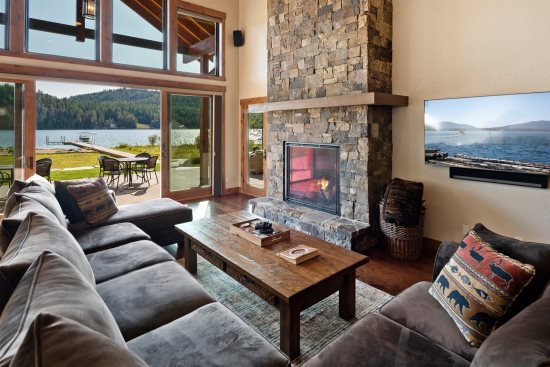 Luxury Waterfront Vacation Rental Sandpoint Family Reunion Lake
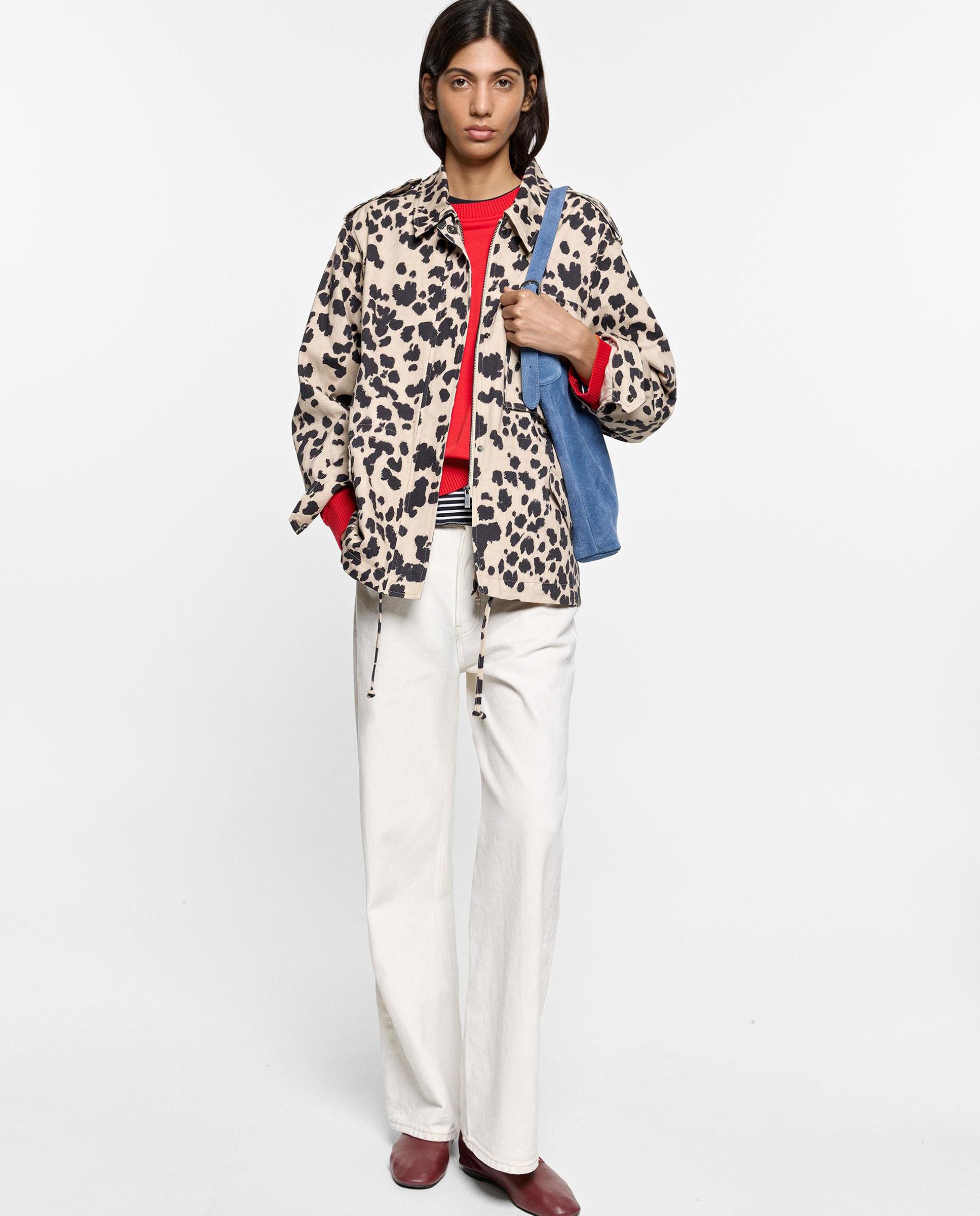 Chaqueta de mujer 100% algodón con estampado animal print - Parfois - Multicolor Multicolor-2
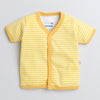 Yellow & White Girls Half Sleeves Jablas Pack Of 3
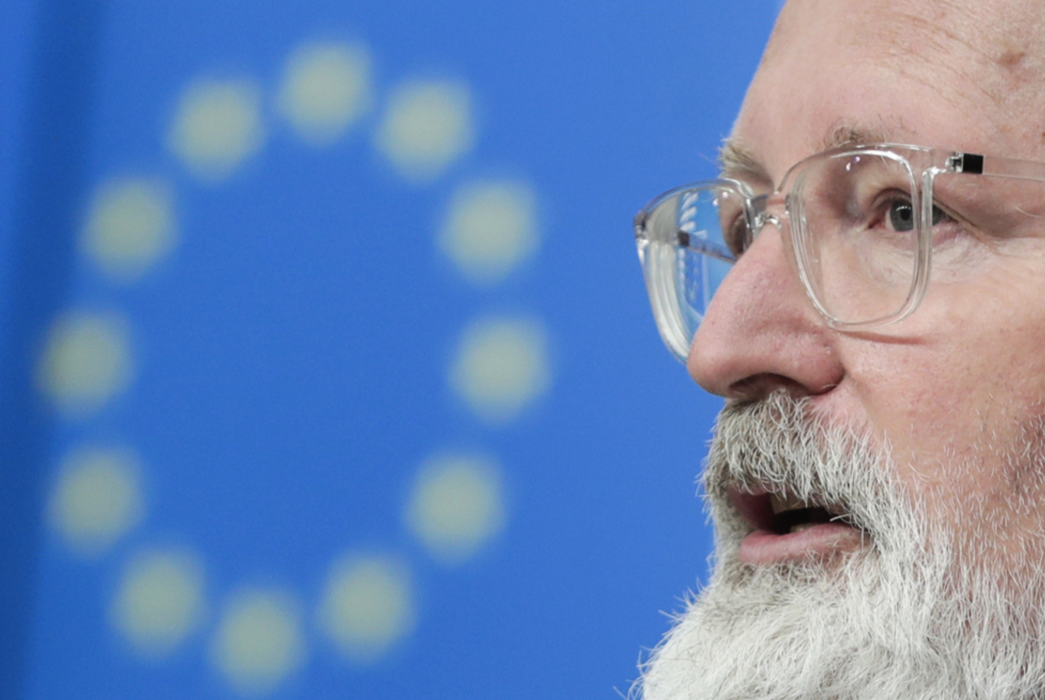 EU:s klimatansvarige exekutive viceordförande Frans Timmermans laddar för onsdagens stora paket med nya klimatåtgärder.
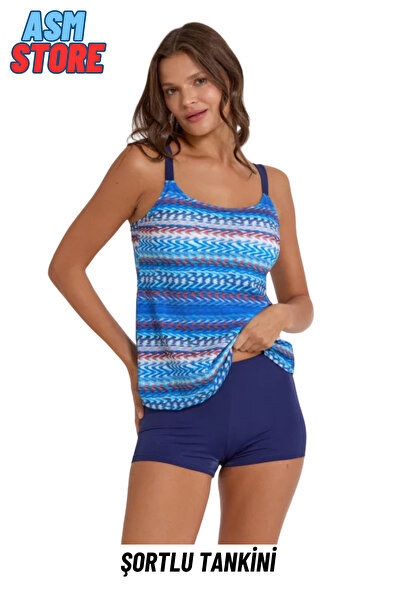 KARAKAŞ Kadın Şortlu Tankini / 0063-3017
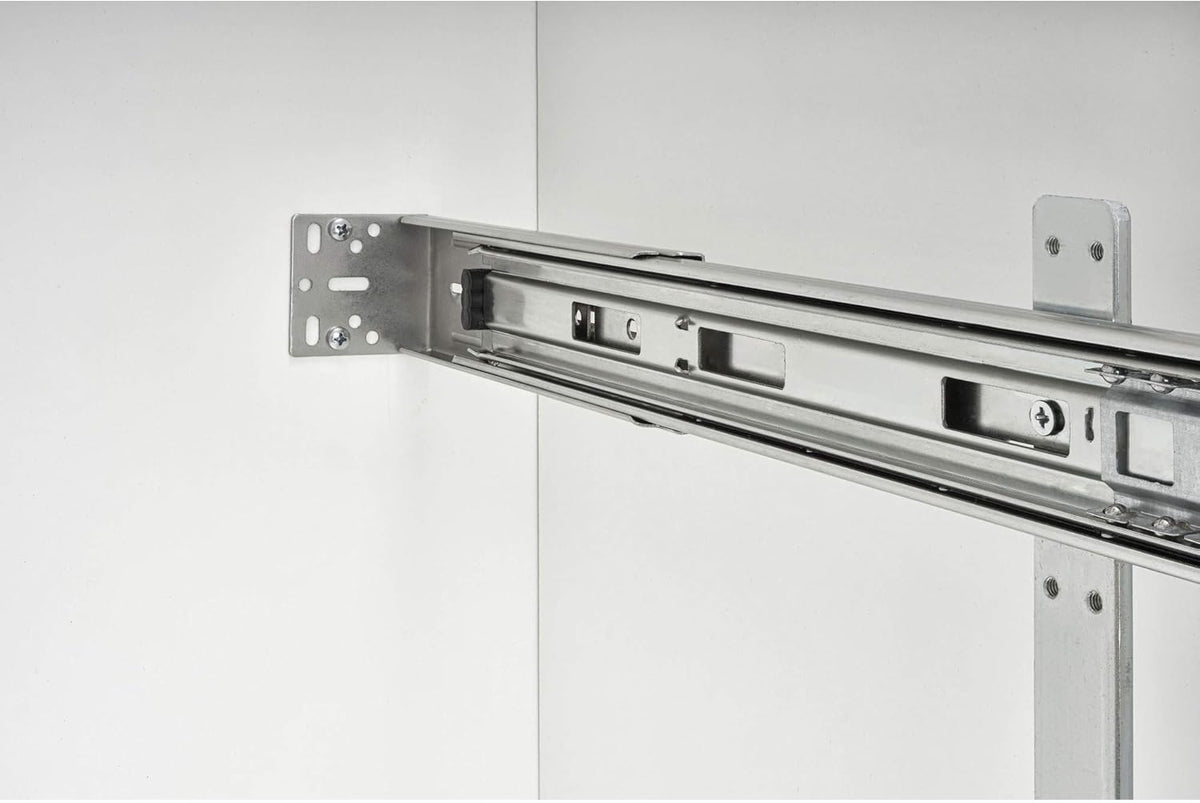 12-Inch 2-Tier Wire Pull Out Kitchen Cabinet Organizer, Chrome D118128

------------------------------------------------------------

## Directions
Give back exactly the lines of the listing above from the one that contains "Yellow & White" up to and including the one that contains "KARAKAŞ Kadın Şortlu Tankini / 0063-3017", but not the pictures, and no other lines.

## Written response
 Yellow & White Girls Half Sleeves Jablas Pack Of 3
 EU:s klimatansvarige exekutive viceordförande Frans Timmermans laddar för onsdagens stora paket med nya klimatåtgärder.
 KARAKAŞ Kadın Şortlu Tankini / 0063-3017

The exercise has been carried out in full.